Imagine a world where great films shine and bad ones get swept under the rug, where art is recognized for its strengths, and where credit is given where it is due.
This is a very pleasant concept, but unfortunately it’s not always the case in the film industry. The box office can be a very tricky animal to deal with, and when not handled properly, even the greatest of films can fail. Sometimes negative reviews can turn away an audience.
Other times, the studio may mismanage a film or its publicity. There’s also the chance of bad timing, whether it be due to an oversaturation of blockbusters on the market, or to a shift in viewer desires at the time. Luckily for us, however, the truly great films manage to succeed after their time in theaters. They stand the test of time, and are able to entertain several generations throughout the years.

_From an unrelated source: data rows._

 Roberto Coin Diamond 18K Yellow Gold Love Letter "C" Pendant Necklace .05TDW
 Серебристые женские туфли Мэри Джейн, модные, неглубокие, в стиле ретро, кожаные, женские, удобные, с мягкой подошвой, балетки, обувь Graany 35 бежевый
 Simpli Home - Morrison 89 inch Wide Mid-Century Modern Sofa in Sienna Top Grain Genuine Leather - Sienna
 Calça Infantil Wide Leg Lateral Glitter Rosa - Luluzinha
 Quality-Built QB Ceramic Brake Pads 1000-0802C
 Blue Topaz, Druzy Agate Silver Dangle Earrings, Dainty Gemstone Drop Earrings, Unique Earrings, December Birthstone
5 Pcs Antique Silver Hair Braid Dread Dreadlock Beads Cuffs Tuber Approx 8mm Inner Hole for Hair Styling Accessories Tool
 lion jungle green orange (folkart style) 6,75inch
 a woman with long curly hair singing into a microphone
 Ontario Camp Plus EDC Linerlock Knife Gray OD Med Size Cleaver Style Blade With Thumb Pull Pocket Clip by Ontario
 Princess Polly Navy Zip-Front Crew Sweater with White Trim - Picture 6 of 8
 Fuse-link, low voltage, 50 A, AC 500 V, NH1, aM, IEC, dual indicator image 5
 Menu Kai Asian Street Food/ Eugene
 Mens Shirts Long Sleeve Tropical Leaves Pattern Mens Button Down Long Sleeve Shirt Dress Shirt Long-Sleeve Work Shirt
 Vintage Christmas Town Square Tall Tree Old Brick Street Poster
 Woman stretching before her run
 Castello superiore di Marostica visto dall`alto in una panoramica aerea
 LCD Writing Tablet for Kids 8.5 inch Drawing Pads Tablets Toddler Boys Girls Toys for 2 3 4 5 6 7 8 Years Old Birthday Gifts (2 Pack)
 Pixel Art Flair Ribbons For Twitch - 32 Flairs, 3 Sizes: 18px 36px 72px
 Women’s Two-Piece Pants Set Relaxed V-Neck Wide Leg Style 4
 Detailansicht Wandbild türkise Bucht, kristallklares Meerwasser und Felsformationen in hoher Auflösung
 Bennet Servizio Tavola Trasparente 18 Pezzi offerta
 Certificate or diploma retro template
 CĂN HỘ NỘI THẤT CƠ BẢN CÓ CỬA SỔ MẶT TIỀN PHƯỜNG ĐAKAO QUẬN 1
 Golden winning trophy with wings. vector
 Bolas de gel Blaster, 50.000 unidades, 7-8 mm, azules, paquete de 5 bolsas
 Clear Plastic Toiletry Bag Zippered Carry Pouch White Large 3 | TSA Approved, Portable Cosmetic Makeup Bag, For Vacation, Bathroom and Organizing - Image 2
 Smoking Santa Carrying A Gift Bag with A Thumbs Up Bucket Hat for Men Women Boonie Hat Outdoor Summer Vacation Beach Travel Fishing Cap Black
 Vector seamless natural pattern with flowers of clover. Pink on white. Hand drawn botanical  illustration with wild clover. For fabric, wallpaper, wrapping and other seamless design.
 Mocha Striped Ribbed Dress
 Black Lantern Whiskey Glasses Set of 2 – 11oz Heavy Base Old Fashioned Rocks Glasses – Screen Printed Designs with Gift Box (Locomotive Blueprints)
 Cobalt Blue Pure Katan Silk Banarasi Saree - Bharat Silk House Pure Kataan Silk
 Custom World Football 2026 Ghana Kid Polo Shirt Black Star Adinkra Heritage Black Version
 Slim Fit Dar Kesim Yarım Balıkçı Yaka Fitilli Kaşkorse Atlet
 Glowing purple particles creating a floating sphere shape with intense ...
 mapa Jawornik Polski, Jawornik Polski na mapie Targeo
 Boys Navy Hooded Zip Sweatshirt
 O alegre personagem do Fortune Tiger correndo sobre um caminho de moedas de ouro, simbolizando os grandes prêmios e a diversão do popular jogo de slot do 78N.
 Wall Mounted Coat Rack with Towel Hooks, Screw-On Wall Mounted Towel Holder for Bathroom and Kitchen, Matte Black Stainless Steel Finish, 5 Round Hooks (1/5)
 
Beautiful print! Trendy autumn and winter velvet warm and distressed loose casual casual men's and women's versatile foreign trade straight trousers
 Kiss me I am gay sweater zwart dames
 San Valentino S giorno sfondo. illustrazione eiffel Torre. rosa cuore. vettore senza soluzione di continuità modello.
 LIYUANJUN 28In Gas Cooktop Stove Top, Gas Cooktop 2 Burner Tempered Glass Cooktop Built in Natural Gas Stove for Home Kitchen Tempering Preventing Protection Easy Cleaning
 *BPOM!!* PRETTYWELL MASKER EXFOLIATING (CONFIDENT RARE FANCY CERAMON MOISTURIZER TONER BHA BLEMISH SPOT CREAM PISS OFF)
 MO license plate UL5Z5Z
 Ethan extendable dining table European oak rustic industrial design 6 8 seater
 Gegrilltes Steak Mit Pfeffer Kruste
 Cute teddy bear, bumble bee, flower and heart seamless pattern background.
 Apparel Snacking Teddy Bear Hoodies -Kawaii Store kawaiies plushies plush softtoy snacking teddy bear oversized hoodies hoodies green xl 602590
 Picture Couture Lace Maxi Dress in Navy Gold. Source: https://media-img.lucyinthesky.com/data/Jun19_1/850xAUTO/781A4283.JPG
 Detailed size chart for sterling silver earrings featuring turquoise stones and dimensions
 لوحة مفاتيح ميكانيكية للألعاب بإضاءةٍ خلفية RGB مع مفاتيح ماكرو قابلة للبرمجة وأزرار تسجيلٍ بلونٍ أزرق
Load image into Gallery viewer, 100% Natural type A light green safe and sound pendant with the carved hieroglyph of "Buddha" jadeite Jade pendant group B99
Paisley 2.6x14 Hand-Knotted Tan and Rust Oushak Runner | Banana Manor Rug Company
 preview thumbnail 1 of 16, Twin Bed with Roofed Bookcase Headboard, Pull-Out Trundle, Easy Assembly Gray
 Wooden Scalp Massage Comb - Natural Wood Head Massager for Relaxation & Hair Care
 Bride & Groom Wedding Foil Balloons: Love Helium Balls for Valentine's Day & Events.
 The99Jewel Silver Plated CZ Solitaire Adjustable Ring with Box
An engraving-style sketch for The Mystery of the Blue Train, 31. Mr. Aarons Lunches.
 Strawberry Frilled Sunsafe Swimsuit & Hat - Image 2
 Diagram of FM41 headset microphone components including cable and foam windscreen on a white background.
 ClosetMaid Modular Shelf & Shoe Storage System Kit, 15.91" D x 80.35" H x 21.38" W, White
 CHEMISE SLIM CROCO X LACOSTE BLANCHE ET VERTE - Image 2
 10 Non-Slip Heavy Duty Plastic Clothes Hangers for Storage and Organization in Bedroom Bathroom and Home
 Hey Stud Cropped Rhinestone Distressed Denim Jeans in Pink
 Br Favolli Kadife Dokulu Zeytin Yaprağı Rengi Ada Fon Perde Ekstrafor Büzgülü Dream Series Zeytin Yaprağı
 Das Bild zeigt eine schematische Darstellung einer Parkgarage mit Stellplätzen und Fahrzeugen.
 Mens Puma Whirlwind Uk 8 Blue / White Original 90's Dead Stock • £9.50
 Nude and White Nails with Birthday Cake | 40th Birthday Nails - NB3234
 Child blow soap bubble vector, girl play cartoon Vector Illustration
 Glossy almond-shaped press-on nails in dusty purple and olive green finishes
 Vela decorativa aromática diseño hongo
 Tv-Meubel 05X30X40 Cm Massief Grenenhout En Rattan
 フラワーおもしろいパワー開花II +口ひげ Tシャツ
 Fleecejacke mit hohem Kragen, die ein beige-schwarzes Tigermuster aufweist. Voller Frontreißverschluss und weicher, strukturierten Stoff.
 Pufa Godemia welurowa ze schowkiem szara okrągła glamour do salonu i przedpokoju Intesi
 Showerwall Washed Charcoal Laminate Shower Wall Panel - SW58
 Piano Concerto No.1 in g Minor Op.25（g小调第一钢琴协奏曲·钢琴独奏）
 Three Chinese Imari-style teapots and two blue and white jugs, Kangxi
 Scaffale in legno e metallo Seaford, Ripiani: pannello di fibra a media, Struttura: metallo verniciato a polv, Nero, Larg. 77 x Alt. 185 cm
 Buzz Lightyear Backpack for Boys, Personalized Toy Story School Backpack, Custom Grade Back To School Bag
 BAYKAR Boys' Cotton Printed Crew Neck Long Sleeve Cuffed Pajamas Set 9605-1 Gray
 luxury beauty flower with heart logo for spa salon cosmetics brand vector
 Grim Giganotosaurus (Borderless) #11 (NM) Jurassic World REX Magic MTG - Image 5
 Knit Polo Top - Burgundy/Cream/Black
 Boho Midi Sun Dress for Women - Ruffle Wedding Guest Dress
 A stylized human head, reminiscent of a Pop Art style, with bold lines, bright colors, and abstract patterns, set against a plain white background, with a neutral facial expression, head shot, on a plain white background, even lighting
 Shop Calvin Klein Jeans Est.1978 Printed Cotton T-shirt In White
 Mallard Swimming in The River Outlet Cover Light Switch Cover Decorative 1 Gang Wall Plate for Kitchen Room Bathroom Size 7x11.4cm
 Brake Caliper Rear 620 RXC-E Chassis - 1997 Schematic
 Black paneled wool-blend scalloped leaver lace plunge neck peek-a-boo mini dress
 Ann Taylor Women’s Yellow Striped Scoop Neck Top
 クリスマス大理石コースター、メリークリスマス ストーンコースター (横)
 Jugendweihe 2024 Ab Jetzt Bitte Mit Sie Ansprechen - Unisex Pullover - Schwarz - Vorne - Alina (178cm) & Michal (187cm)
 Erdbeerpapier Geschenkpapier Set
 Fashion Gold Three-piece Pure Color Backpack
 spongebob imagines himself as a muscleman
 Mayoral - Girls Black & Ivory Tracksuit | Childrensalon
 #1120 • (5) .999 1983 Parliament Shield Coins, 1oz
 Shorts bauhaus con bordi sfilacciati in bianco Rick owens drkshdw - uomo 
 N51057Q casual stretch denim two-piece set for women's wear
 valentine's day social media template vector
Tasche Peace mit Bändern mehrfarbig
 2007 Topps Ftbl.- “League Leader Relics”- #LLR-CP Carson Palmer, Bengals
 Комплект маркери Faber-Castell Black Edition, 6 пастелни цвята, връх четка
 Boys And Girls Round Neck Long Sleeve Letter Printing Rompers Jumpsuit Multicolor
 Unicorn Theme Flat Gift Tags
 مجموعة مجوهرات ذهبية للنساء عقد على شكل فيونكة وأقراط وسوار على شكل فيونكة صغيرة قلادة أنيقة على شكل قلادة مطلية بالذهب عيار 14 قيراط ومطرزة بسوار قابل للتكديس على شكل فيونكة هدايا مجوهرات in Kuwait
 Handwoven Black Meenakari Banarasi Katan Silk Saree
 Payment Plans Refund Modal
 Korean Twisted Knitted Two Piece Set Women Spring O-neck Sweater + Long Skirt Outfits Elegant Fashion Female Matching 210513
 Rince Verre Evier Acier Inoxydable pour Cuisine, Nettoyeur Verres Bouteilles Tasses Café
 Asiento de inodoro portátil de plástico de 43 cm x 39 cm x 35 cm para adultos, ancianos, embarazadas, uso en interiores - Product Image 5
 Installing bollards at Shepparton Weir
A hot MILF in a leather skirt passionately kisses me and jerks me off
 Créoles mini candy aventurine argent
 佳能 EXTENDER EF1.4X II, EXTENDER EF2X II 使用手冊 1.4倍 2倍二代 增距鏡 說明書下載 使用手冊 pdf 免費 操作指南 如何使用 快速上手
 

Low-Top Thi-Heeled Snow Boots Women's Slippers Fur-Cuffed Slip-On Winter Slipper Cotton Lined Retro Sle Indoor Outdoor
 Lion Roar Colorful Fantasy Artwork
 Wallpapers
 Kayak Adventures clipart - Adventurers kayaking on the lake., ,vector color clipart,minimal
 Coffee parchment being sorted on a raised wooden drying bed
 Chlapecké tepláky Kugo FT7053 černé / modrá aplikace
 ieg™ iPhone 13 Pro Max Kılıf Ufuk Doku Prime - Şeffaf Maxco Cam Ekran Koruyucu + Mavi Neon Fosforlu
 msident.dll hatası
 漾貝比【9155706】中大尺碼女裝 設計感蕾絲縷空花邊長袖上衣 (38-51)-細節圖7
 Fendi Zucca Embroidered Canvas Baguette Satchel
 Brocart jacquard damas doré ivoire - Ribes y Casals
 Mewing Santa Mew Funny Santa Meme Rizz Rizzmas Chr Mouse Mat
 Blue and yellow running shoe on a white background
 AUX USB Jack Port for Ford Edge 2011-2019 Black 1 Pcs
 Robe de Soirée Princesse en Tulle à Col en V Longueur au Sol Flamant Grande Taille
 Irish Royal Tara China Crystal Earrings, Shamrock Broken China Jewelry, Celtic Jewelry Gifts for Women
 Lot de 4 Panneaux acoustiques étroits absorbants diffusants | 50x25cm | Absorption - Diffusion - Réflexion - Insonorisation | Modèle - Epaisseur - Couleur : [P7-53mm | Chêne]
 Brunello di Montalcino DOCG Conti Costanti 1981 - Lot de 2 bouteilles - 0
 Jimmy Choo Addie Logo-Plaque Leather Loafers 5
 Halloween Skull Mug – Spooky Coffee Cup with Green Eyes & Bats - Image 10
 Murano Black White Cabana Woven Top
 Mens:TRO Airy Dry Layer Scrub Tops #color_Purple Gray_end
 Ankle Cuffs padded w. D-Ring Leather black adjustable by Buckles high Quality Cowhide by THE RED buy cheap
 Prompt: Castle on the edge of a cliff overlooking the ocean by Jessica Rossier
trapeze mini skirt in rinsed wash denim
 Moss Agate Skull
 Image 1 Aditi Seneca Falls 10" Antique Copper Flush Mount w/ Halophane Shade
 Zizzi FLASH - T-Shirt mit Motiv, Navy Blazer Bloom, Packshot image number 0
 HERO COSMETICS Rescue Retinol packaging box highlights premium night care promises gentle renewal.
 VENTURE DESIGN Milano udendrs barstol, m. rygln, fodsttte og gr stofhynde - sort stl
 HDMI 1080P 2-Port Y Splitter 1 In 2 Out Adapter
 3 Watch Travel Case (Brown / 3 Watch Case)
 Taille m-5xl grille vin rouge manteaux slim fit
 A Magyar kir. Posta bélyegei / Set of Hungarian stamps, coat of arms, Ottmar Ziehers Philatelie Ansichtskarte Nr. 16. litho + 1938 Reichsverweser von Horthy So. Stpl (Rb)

The following list takes a look at some of the films that have fallen prey to such circumstances, as well as what caused them to fall through the cracks. Perhaps buy studying the story of these films, we can learn how to avoid such missteps, and to all of you future studio executives out there, take notes, because you might end up in one of these positions one day.
10. Fight Club (1999)
In order to make an omelette, you gotta break a few eggs, or in the case of discussing this film, break a couple of rules (the first two rules to be exact). Fight Club is widely considered to be one of David Fincher’s greatest achievements as a director, and with good reason.
The film takes the viewer down an oddly satisfying path of violence, chaos, and nihilism that leaves them questioning many aspects of their own lives. Edward Norton’s jaded, insomnia-ridden narrator is the perfect conduit through which the viewer can experience this bleak outlook on the world, and the performances of Brad Pitt and Helena Bonham-Carter provide an equally satisfying counterweight to Norton’s blasé attitude towards his surroundings.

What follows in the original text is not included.